I've also done the thing where I read a blog post about a current event I had no idea was going on, some little story somewhere in the world, and I start to comment my opinion, and at paragraph 3, I usually realize my comment is a bit wordy. So instead of writing a novel in someone's comments, I write a blog post linking to the source of my inspiration. I start the blog, "I was reading this blog post about blah blah blah" where I link to it, and follow it with my opinion. Then I change my comment to, "My comment was long, so I wrote it in a blog post here." I also do this when my comment includes adult language, disagrees too much, is on a super old blog post prior to 2010... I still comment because people like getting comments on their blog because it's a sign of a successful blog.

Another gray area is the internet is full of plagiarized fair use and possible lawsuits. Most memes, like the dinosaur, the kid with the tough arm, the mustache guy, the Ancient Alien guy, Family guy... those are pretty much parody fair use. If you can cite an original source for it, you should. But if you don't know and want to use it, that's on you. If there is a watermark on the meme, one where you can tell it's the original source like a photographer, keep it on there.

The point is, unless you came up with it from a blank page without any inspiration, you should cite and share other sources that help you come to your content. It's helpful for their SEO for you to link to their post, embedded in normal words like Funny Blog Post. You might also bring them some traffic.

Of course, you don't have to cite all your sources of information. Nobody really does. But you can return a favor with a favor and avoid plagiarism if you do.


When a blogger leaves a comment on your blog that isn't spammy, something thoughtful, it is etiquette to check out their blog and if you like it at all, comment. Maybe follow it if you really like it. Some people comment on random blogs, but most people who provide thoughtful comments related to your post do so because they have something in common with you. They related to your words. You may also relate to theirs.

Of course, big blogs that receive hundreds of comments cannot possibly do this. This is more for smaller blogs. I mean cmon now, if your only comment you have on your blog is from another blog, really would it pull your muscles in your brain to check it out?
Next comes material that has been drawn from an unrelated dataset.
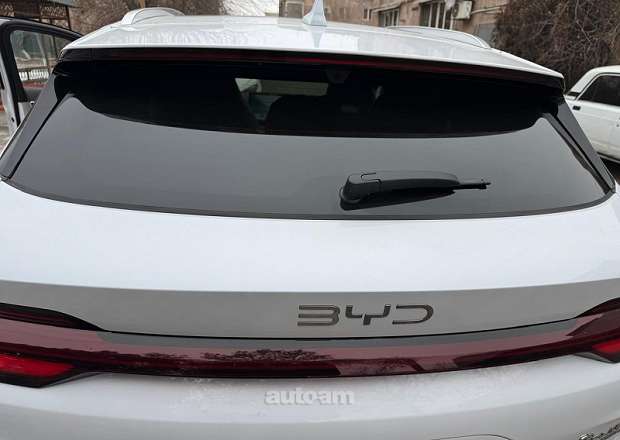 BYD Song Plus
Advertising is not usually free. Places like Facebook and Google charge to put you out where people can see you. They look cheap from the get go, like, "hey I can invest 10 dollars," but for each time you are visible or for each click you get, it gets expensive, beyond the budget of most bloggers. So when a blogger links you anywhere, that is free advertising.

Many of us bloggers share our favorite blogs on a sidebar, or within a post, or on our Facebook pages. We know that's how you get out there. That's how you grow. We know this because we all grew from the kindness of others providing us free advertising.
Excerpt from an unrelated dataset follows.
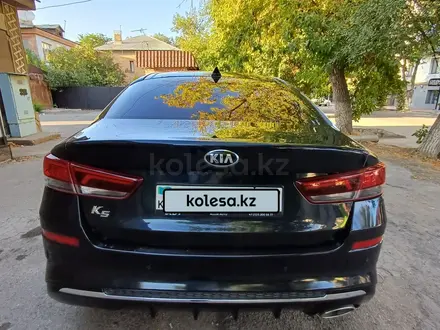 Kia K5 2019 года за 10 800 000 тг. в Шымкент – фото 3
On Facebook, every time you like, comment or share a post from a Facebook page, you are providing free advertising for that page. Every blogger with a Facebook page knows the importance of this; however, how many of you bloggers pay attention to other bloggers who share you? It's sometimes impossible to keep track of blogger and real names, but most of the time when a page shares your picture or post (as opposed to posting it as their own), they are doing you a favor. You don't have to immediately return the favor, but keep them in mind as a friendly in the future. If you notice someone sharing frequently, liking frequently, the least you can do is like their page. In fact, this is how I met More Than Cheese and Beer and became involved in the Sunday Confessions I enjoy doing so much on my Dribbles and Grits blog.

In Linkz provides an app like thingy for you to provide a place people can link their blog. This is a beautiful feature in my mind because I'm the type who wants to know what bloggers are reading my blog. I want to know what bloggers are reading my blog so I can go read theirs. That's what they want, right? Some comment platforms like CommentLuv provide a place for people to post their latest blog post under their comment, which is awesome, but it's Wordpress only and now costly. Intense Debate allows for more user friendly commenting on Blogger, but I'm not getting links to people's blog with it. So I like In Linkz (which is not a comment thing) because bloggers can easily add their link for me to see.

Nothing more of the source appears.